Before the Winston-Salem Journal published a five-part series on North Carolina’s eugenics program in 2002, few had ever heard of the issue, even though it was hiding in plain sight. For years, Ramirez had been vocal about what happened to her.

While in her 20s, Ramirez, aided by Gloria Steinem and attorney Brenda Feigen as part of the early work of the American Civil Liberties Union’s Reproductive Freedom Project, filed a lawsuit against the state during the 1970s. Historians in Shapiro’s film largely credit Ramirez with successfully shutting down North Carolina’s eugenics program, though compensation for the program’s victims were not provided until much later.

Twenty-five years after the lawsuit was filed, a researcher walked into the North Carolina state archive and got microfilm of the state’s entire eugenics history. These documents would eventually make international headlines by way of the Winston-Salem Journal’s reporting. It would also lead to hard-won legislation, championed for years first by former state Rep. Larry Womble (D-Forsyth) and then U.S. Sen. Thom Tillis (R-NC), which would allocate $10 million to compensate survivors of the eugenics program.

“Another aspect of this film is the tale of two politicians, these two men who crossed party lines to help get survivors compensated, which is amazing if you think about it. Because every two years for 40 years there was a conversation about whether the budget should include money for victims, and the answer was always no,” Shapiro told Rewire.

The first of these checks went out in October 2014, though major delays of additional payments have been reported.

Most of the 30 states that participated in eugenics programs have yet to acknowledge the extent of their campaigns or fully explore how their actions altered the lives of tens of thousands of people, let alone have public conversations about compensating victims. So far, only Virginia and North Carolina that compensate survivors.

During a January 11 panel discussion at Winston-Salem, North Carolina’s Wake Forest University—featuring Shapiro, Womble, and other key figures in the effort to shed light on the sterilization program locally—Womble had a lot to say about redemption and state accountability. Namely, that he did not believe that compensation for eugenics sterilization victims meant that justice had been served.

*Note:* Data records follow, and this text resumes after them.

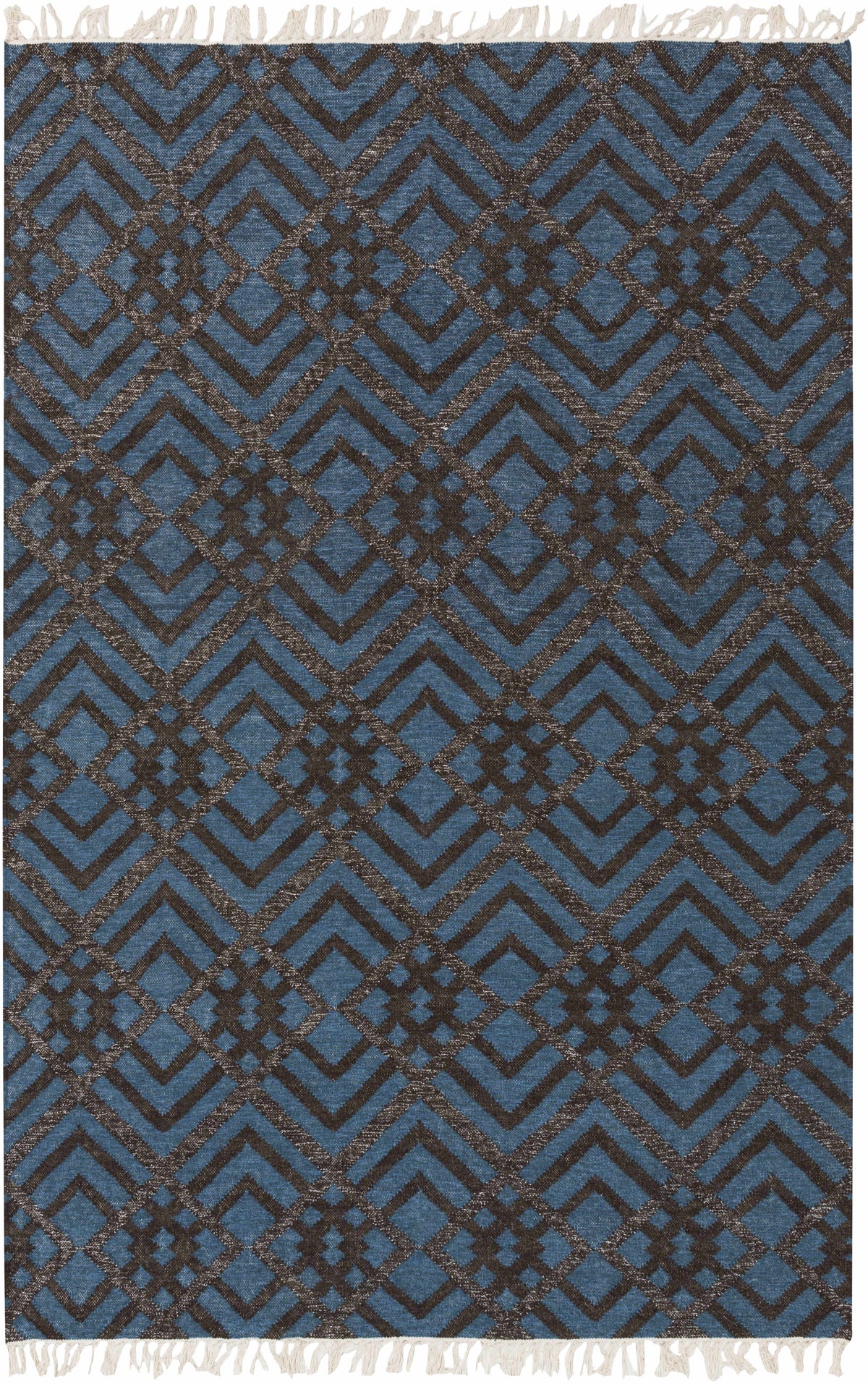 Dark Blue Hand Woven 90% Wool, 10% Metallic Thread Global Rectangle Handmade rug, Indoor use only, no fringe, non-washable. runner also available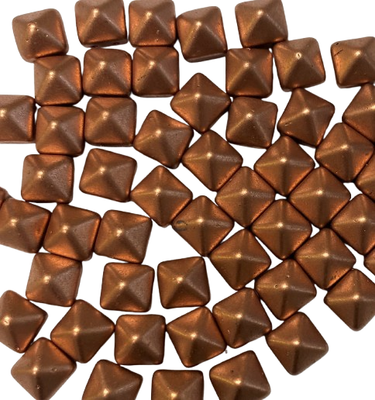 8mm Matte Copper Pyramid Czech Cabochons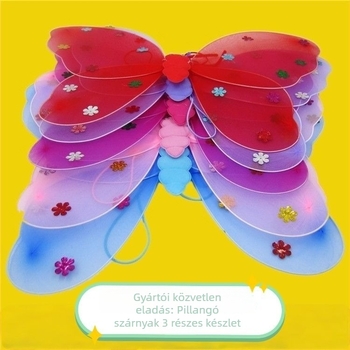 Fénylő pillangó szárnyak – háromrészes készlet, angyal alakú gyerekeknek (LED világítás; textil szárnyak; dinamikus fényhatás; 0–3 éveseknek)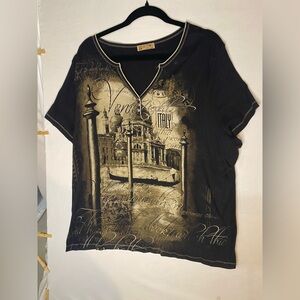 Venice Graphic Black Tee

“This story is a bird’s-eye view into injustice done by a government against its own people,” Womble said at Wake Forest, growing increasingly emotional. “I don’t believe that justice was served because … what [victims] got was a drop in the bucket for everything they’ve been put through. Their bloodlines were cut off, and it was done by their own government. Victims I’ve spoken to, some of them weren’t at all concerned with money. They were concerned with restoring their dignity. We have a lot to pay for in this country.”

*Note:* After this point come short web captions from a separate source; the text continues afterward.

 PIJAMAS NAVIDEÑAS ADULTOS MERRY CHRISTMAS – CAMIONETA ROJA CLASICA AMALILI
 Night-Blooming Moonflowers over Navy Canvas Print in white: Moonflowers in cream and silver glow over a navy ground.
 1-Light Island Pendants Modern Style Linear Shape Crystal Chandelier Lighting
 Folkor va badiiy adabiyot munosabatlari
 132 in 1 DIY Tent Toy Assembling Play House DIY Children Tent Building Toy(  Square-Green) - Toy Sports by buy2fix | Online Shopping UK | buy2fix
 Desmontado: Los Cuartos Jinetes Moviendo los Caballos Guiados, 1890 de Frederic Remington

And while it’s easy to think this is a practice of the past, sterilization stories are still emerging. In 2013, the Center for Investigative Reporting found that doctors under contract with the California Department of Corrections and Rehabilitation sterilized nearly 150 female inmates from 2006 to 2010 without the necessary state approvals. One-third of those sterilizations were performed without appropriate signoffs from health-care providers or the observance of mandated wait times between consent and the actual surgery.

Shapiro said in a phone interview with Rewire that the rhetoric used to justify these dangerous programs still exists and will need to be tackled to truly end them in this country.

“Things like eugenics campaigns [were] first established through belief systems based on what people are valued and what people are not valued, and this is perpetuated through rhetoric,” Shapiro said. “It’s this belief that people of value know better for other people’s lives …. Progressives behind [the] eugenics campaigns really presented it like they we’re doing poor or disabled people a favor. I’ve [even] had recent conversations with liberal friends who say … if you’re on public assistance, it’s in the public’s interest for you to stop having children.”

“Absolutely, we are still living with the vestiges, the rhetoric, and the belief systems that lead to sterilization abuse,” Shapiro concluded.